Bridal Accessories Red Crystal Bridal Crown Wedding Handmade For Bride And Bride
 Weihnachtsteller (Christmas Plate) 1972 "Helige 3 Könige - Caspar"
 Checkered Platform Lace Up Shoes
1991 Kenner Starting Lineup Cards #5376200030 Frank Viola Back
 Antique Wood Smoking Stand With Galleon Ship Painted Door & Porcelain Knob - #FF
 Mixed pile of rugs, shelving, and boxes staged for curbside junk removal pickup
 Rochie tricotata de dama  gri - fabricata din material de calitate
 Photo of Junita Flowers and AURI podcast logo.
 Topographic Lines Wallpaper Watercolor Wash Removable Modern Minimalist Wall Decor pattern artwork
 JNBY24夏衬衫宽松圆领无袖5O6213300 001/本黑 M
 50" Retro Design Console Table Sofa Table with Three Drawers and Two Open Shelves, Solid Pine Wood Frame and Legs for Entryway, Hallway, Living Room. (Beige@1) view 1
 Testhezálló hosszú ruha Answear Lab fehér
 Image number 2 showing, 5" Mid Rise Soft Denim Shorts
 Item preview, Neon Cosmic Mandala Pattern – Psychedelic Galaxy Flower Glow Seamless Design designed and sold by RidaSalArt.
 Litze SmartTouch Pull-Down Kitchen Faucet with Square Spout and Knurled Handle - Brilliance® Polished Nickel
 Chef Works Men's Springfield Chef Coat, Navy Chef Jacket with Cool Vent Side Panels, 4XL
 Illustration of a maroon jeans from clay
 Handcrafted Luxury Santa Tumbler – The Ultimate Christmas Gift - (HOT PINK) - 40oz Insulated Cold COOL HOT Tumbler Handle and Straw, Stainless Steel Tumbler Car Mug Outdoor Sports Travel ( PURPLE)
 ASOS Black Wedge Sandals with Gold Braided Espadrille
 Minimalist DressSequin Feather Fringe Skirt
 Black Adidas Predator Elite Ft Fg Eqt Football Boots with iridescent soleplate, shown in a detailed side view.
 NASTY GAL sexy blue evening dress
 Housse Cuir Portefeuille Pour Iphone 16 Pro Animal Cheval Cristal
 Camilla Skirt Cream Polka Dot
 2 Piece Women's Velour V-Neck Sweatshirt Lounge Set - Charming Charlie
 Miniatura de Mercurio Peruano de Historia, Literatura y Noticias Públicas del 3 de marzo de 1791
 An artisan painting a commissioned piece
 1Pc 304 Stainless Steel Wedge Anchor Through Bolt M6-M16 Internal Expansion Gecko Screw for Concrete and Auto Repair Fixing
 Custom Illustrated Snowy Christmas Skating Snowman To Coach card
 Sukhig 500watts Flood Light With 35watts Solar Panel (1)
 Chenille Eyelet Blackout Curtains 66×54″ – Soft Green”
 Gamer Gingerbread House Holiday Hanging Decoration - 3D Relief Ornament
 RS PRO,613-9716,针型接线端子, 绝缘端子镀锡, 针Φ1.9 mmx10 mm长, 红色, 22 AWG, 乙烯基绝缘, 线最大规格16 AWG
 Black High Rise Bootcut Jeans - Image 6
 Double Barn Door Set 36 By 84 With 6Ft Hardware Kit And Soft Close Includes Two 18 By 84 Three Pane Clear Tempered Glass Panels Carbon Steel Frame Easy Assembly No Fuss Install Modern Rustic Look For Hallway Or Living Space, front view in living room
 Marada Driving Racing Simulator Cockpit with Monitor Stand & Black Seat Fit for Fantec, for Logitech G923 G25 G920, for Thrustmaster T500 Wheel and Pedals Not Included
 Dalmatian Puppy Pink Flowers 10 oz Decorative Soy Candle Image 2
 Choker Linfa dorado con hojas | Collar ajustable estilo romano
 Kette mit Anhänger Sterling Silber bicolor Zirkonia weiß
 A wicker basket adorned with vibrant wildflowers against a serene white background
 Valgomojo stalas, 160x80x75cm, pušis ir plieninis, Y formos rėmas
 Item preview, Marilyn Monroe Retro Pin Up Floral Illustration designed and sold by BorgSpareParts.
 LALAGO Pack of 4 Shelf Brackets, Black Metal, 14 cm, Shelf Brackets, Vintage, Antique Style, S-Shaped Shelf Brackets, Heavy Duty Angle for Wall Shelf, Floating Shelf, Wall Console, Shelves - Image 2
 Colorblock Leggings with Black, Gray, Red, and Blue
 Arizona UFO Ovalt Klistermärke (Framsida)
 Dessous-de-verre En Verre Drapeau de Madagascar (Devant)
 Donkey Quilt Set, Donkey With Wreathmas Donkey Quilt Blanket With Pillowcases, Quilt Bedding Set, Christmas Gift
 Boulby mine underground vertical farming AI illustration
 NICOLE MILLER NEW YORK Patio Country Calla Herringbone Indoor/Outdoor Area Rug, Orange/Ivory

→ **Task statement**:
Within the material above, output exactly the lines from the one with "Topographic Lines Wallpaper" through the one with "Testhezálló hosszú ruha Answear Lab fehér", end lines included, and nothing besides.

→ **Expected output**:
 Topographic Lines Wallpaper Watercolor Wash Removable Modern Minimalist Wall Decor pattern artwork
 JNBY24夏衬衫宽松圆领无袖5O6213300 001/本黑 M
 50" Retro Design Console Table Sofa Table with Three Drawers and Two Open Shelves, Solid Pine Wood Frame and Legs for Entryway, Hallway, Living Room. (Beige@1) view 1
 Testhezálló hosszú ruha Answear Lab fehér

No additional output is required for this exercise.